◆ WORK TO COMPLETE:
Return the lines below exactly as they appear, please, starting with the first and ending with the one that contains "Rhino Model 1/64".

◇ ◇ ◇

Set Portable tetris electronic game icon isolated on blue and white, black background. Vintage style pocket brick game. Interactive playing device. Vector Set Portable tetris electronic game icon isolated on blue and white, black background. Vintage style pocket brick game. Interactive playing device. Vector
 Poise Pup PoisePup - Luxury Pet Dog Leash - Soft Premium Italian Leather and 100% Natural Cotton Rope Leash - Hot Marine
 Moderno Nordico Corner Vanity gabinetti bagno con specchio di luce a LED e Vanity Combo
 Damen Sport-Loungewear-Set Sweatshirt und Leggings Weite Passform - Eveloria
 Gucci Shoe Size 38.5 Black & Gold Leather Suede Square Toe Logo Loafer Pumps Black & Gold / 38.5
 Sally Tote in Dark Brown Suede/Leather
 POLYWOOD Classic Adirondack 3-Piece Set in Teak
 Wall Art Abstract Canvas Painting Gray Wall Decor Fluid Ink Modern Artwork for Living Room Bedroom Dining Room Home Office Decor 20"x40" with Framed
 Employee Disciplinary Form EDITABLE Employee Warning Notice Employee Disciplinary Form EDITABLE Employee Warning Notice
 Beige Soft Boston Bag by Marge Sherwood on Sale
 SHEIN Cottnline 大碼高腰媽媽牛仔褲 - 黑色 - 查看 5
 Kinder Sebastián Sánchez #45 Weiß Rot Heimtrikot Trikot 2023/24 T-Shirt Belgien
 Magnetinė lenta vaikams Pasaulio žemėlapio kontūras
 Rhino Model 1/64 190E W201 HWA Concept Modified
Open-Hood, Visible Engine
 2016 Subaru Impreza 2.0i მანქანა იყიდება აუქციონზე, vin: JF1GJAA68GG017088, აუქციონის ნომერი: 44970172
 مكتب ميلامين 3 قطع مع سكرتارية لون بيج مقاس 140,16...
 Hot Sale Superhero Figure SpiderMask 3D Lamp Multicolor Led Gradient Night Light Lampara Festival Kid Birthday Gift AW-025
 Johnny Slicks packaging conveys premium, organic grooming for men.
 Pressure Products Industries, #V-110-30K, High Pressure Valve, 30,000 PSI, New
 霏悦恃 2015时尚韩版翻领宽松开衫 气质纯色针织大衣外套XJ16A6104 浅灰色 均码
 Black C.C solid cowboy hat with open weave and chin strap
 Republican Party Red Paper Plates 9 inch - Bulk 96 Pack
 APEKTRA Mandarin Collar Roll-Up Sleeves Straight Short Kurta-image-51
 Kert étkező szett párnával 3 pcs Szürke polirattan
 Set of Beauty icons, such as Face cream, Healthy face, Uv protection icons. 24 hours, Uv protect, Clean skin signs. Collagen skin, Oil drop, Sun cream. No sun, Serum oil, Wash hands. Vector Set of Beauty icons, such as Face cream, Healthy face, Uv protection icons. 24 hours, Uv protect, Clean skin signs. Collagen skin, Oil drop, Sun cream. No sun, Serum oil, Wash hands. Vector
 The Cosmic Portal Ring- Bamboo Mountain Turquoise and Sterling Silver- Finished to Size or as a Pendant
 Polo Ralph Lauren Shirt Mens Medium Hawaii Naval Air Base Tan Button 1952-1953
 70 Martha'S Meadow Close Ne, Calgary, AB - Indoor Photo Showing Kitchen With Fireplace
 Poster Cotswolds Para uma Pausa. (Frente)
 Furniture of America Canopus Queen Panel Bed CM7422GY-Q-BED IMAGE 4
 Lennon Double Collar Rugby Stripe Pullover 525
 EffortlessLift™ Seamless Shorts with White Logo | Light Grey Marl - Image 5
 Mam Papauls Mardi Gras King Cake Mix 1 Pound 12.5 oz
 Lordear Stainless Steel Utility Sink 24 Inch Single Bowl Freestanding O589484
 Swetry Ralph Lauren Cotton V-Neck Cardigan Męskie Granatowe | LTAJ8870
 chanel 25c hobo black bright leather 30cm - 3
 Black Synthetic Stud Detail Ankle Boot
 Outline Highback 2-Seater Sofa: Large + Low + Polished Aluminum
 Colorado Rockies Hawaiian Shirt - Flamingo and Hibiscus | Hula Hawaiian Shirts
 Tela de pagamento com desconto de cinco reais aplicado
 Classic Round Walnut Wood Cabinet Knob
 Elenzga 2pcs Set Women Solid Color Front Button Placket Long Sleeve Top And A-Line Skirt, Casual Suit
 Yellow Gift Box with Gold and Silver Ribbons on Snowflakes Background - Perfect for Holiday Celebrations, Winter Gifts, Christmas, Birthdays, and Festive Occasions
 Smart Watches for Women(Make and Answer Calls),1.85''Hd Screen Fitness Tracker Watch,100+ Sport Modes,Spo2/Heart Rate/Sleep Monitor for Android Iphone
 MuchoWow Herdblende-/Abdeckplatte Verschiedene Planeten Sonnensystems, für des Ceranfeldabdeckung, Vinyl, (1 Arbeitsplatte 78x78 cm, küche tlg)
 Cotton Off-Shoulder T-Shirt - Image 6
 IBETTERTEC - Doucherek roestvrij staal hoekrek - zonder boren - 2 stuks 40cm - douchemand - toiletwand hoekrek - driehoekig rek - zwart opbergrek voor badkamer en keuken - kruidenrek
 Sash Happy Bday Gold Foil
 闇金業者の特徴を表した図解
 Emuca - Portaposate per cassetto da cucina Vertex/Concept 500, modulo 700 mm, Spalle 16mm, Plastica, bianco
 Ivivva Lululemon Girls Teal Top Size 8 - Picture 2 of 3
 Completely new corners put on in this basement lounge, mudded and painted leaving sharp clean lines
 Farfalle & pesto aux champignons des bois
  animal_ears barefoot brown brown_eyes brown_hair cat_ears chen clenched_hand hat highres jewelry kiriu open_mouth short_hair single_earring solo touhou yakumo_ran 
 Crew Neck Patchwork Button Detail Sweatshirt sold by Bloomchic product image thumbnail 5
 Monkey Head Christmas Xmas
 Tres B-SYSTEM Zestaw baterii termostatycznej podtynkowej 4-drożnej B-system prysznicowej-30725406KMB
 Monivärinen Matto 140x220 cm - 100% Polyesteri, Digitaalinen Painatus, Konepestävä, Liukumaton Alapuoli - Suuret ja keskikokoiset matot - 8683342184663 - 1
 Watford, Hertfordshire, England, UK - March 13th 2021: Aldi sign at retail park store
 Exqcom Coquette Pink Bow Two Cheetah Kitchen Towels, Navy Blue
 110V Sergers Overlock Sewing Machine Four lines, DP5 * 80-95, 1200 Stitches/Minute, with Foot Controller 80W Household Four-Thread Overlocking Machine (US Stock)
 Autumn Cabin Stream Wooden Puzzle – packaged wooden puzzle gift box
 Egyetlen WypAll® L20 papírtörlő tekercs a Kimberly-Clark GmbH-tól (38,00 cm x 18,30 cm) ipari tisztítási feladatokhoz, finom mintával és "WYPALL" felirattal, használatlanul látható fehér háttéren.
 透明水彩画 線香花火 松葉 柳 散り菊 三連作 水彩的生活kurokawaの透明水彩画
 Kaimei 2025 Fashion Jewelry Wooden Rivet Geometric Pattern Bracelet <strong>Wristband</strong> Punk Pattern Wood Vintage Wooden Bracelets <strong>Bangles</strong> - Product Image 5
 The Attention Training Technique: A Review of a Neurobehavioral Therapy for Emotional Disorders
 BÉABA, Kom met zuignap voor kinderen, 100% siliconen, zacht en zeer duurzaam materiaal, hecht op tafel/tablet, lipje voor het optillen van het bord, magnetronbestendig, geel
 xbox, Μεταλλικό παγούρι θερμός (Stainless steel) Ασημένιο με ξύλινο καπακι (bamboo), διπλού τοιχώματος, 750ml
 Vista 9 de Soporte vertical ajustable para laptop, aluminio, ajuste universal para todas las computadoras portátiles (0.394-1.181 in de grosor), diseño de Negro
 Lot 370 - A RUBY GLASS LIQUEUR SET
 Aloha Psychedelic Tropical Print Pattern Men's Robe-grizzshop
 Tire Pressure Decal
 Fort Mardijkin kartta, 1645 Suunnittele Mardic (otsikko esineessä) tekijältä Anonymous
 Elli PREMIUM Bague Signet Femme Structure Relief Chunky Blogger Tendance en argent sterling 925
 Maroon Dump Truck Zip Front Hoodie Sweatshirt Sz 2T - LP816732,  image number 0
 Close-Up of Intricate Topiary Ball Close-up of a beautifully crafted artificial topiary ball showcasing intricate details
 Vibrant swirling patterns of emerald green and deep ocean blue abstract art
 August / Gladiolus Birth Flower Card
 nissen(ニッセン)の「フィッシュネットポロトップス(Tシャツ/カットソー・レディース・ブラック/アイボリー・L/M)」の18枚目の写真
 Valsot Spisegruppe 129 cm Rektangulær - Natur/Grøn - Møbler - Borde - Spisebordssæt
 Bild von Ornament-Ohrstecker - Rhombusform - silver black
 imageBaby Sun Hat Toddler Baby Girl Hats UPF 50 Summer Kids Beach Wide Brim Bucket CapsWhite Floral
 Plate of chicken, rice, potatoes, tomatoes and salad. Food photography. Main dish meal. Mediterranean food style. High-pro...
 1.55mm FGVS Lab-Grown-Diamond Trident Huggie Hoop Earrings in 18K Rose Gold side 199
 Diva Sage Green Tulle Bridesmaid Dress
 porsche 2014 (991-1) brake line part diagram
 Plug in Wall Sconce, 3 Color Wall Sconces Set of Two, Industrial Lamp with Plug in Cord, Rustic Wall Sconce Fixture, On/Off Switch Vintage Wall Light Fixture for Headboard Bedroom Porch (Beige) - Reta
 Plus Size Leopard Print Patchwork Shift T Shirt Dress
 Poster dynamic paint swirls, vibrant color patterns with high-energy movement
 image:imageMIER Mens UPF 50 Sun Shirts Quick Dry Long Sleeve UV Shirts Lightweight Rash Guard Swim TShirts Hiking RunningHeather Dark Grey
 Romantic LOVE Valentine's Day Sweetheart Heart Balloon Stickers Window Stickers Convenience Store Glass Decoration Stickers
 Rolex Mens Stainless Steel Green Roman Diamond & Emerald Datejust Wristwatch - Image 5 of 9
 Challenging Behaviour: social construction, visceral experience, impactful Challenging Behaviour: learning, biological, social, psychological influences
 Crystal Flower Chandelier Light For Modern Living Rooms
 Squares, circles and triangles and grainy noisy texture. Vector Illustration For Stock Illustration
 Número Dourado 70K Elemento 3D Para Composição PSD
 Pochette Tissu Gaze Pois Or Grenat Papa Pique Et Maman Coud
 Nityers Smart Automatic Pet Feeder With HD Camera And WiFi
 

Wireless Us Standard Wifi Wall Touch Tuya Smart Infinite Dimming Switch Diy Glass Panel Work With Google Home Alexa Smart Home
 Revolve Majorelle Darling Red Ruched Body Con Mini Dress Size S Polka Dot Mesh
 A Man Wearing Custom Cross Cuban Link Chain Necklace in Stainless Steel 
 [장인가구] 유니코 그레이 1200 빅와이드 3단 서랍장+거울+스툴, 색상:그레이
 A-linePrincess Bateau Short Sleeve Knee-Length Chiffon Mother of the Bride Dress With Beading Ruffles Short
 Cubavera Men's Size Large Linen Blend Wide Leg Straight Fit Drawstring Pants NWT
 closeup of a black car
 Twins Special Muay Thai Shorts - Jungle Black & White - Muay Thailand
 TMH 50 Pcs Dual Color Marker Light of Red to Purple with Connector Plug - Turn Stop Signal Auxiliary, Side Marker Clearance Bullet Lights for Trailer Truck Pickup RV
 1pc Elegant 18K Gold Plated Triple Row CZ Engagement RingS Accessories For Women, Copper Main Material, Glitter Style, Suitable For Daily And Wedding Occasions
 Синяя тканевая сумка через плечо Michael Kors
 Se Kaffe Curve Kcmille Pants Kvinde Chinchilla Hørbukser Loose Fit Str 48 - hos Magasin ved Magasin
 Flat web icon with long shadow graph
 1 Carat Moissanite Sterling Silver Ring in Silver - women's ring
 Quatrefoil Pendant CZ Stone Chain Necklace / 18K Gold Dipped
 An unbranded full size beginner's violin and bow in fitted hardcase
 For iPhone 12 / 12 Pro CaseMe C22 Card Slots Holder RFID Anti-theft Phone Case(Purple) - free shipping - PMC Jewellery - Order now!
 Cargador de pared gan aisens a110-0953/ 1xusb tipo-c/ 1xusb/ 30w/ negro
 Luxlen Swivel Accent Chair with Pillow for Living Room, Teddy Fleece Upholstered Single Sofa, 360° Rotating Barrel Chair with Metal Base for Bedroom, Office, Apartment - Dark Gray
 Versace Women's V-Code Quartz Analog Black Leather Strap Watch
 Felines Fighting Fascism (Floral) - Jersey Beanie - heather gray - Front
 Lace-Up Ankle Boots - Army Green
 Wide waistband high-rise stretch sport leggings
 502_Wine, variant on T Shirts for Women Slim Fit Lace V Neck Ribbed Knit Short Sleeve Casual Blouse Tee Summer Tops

◇ ◇ ◇

◆ RESULT BELOW:
Set Portable tetris electronic game icon isolated on blue and white, black background. Vintage style pocket brick game. Interactive playing device. Vector Set Portable tetris electronic game icon isolated on blue and white, black background. Vintage style pocket brick game. Interactive playing device. Vector
 Poise Pup PoisePup - Luxury Pet Dog Leash - Soft Premium Italian Leather and 100% Natural Cotton Rope Leash - Hot Marine
 Moderno Nordico Corner Vanity gabinetti bagno con specchio di luce a LED e Vanity Combo
 Damen Sport-Loungewear-Set Sweatshirt und Leggings Weite Passform - Eveloria
 Gucci Shoe Size 38.5 Black & Gold Leather Suede Square Toe Logo Loafer Pumps Black & Gold / 38.5
 Sally Tote in Dark Brown Suede/Leather
 POLYWOOD Classic Adirondack 3-Piece Set in Teak
 Wall Art Abstract Canvas Painting Gray Wall Decor Fluid Ink Modern Artwork for Living Room Bedroom Dining Room Home Office Decor 20"x40" with Framed
 Employee Disciplinary Form EDITABLE Employee Warning Notice Employee Disciplinary Form EDITABLE Employee Warning Notice
 Beige Soft Boston Bag by Marge Sherwood on Sale
 SHEIN Cottnline 大碼高腰媽媽牛仔褲 - 黑色 - 查看 5
 Kinder Sebastián Sánchez #45 Weiß Rot Heimtrikot Trikot 2023/24 T-Shirt Belgien
 Magnetinė lenta vaikams Pasaulio žemėlapio kontūras
 Rhino Model 1/64 190E W201 HWA Concept Modified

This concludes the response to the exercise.